▶ DATASET EXCERPTS
BEGIN
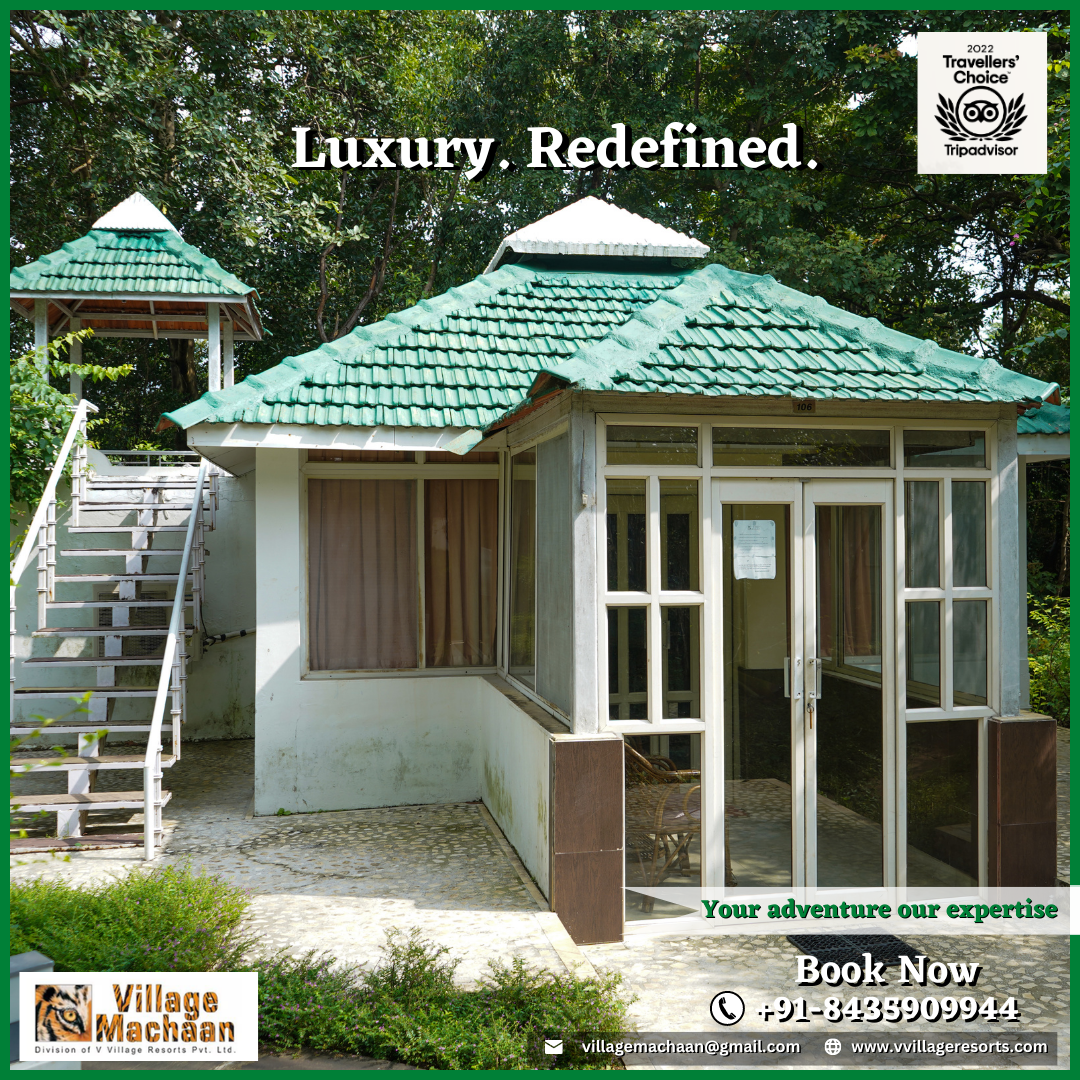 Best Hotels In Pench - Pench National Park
END
BEGIN
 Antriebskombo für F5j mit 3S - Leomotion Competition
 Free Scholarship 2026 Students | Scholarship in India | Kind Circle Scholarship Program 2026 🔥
END
▶ EXERCISE
Look above for the line holding "Antriebskombo für F5j" and the line holding "Free Scholarship 2026". Retype both, and every line between them, word for word and nothing else.

▶ ANSWER TO THIS EXERCISE
 Antriebskombo für F5j mit 3S - Leomotion Competition
 Free Scholarship 2026 Students | Scholarship in India | Kind Circle Scholarship Program 2026 🔥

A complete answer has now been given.